§ WHAT NEEDS TO BE DONE: Using the material below, print the line that contains "Mika Myllylän elämä", the line that contains "ประมาณปี 1967 M-S", and every line in between, exactly and nothing else.

§ ENTRIES PROVIDED:
++++++++

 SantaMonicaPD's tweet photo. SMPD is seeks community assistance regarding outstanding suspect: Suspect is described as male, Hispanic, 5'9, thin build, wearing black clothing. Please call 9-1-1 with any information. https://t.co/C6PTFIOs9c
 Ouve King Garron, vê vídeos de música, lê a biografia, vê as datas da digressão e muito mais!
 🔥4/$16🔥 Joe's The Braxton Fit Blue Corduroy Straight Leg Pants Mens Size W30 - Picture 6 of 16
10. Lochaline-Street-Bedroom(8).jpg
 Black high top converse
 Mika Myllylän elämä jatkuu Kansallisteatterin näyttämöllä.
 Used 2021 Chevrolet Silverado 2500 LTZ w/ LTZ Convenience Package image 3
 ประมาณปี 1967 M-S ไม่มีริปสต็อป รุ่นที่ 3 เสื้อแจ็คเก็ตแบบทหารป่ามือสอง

++++++++

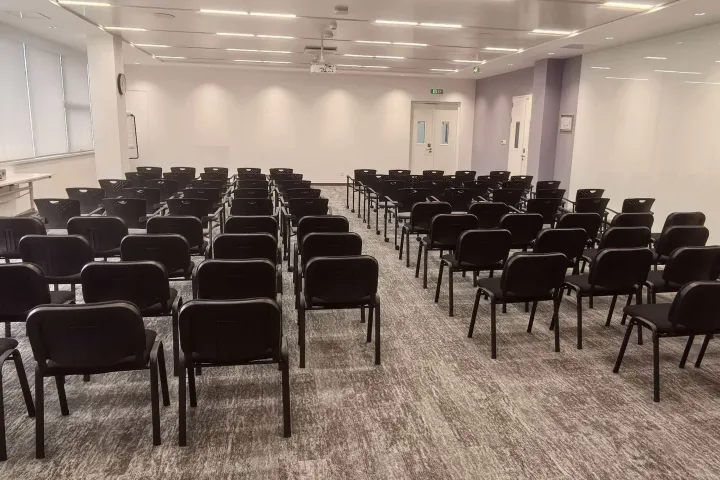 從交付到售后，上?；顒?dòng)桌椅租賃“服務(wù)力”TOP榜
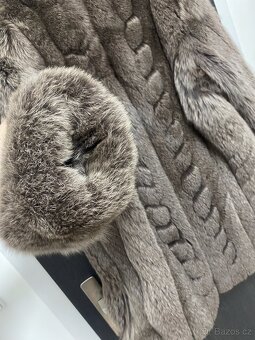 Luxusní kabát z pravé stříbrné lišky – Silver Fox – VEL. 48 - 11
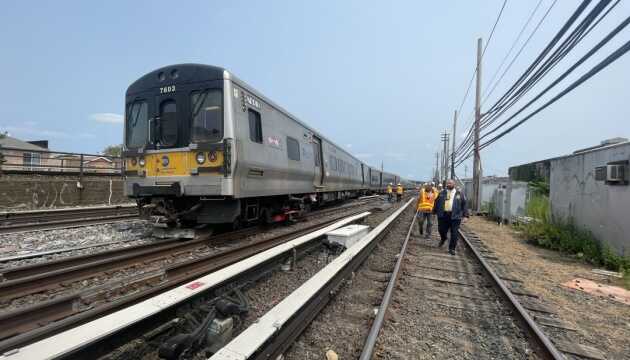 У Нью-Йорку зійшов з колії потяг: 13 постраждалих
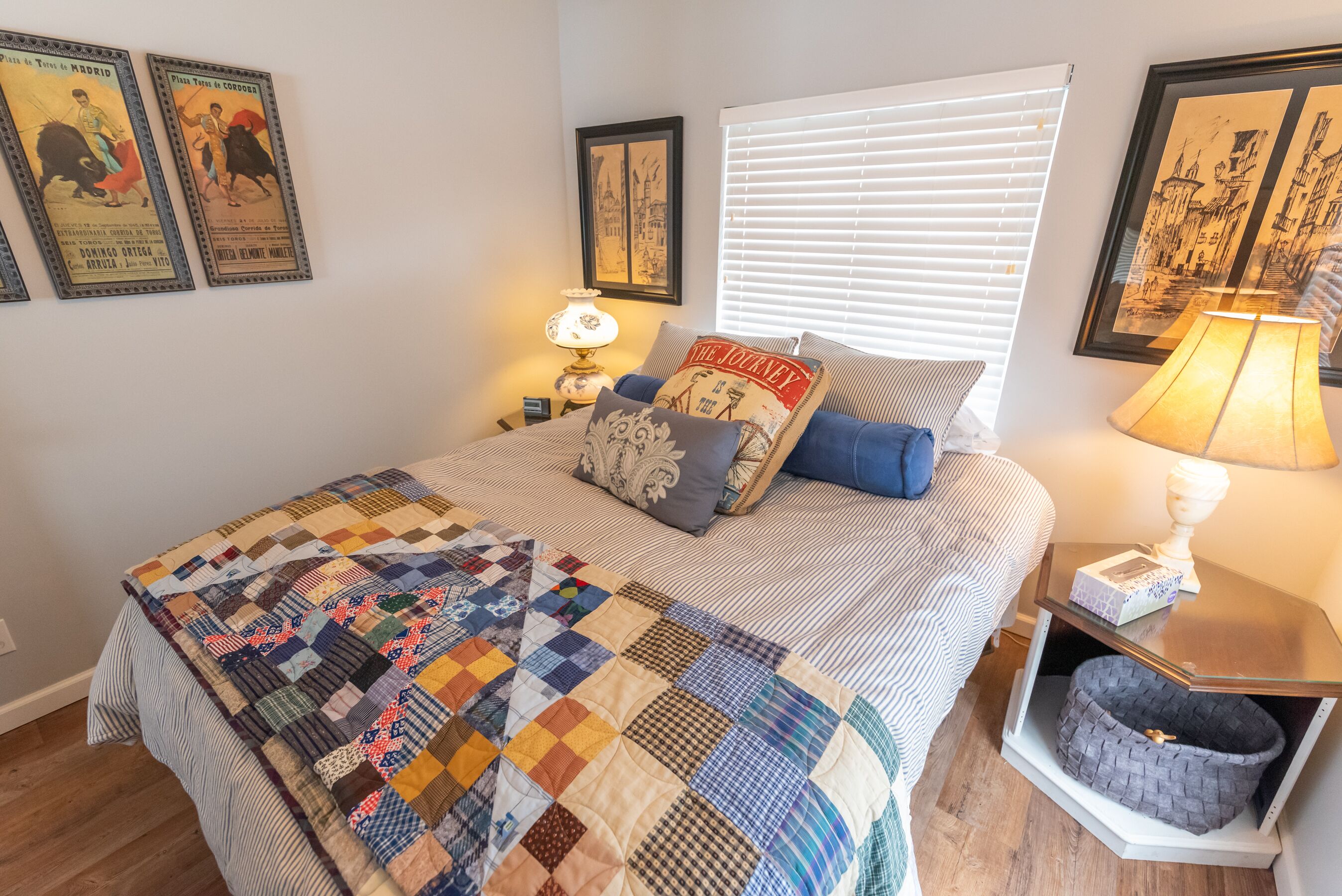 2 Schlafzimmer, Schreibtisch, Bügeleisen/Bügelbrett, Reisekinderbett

++++++++

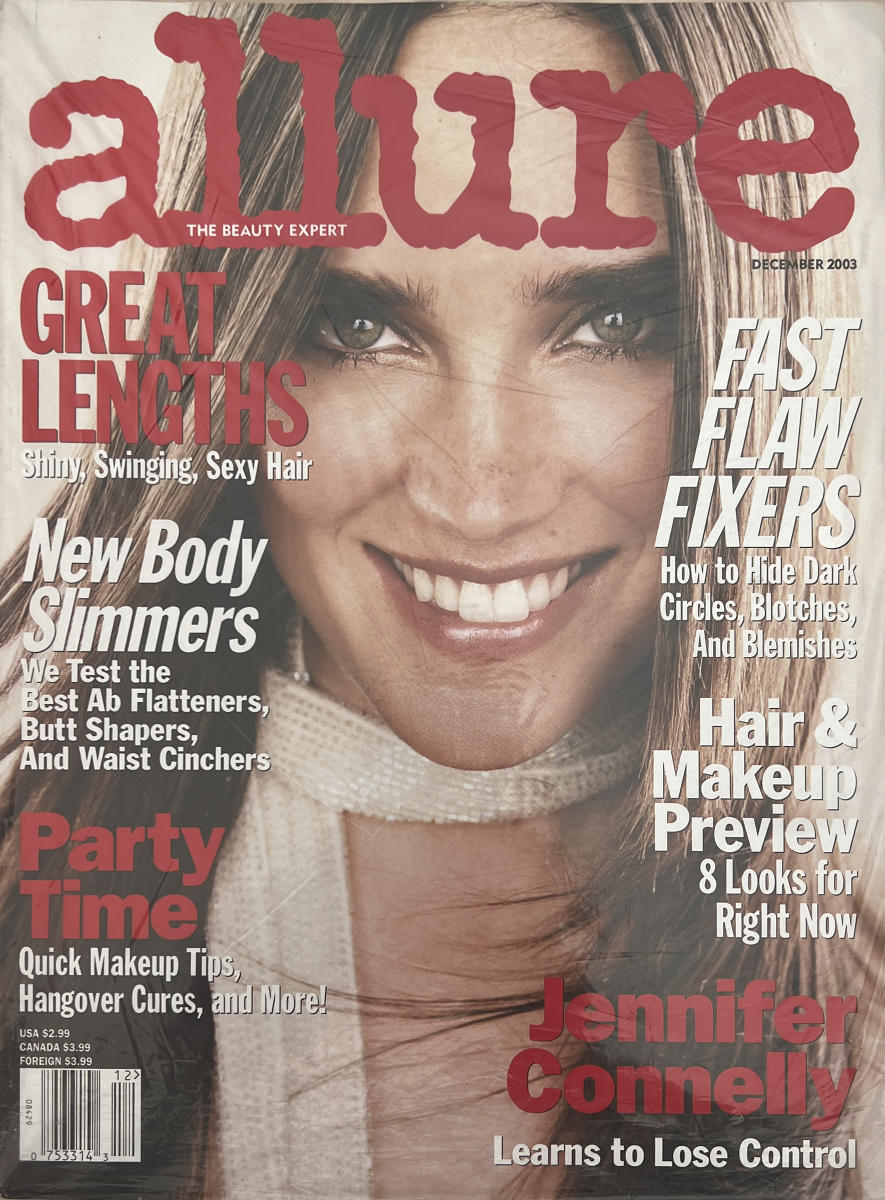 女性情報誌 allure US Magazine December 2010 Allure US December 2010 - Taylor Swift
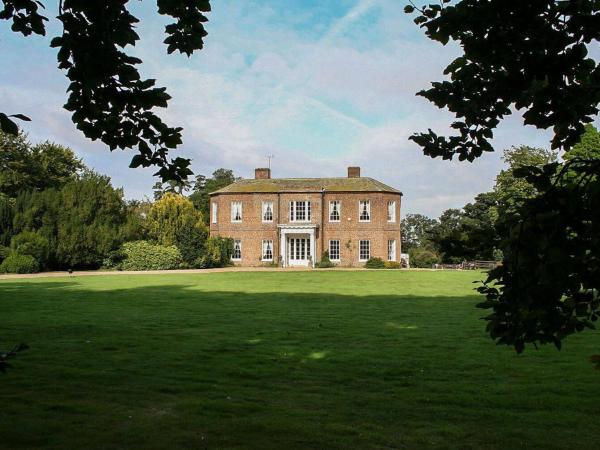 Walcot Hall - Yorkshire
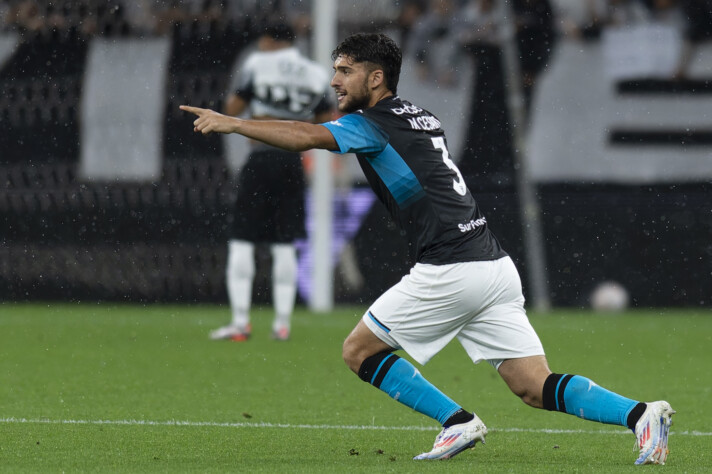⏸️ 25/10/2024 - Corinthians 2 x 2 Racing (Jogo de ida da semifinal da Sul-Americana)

++++++++

§ RESPONSE TO THIS TASK:
 Mika Myllylän elämä jatkuu Kansallisteatterin näyttämöllä.
 Used 2021 Chevrolet Silverado 2500 LTZ w/ LTZ Convenience Package image 3
 ประมาณปี 1967 M-S ไม่มีริปสต็อป รุ่นที่ 3 เสื้อแจ็คเก็ตแบบทหารป่ามือสอง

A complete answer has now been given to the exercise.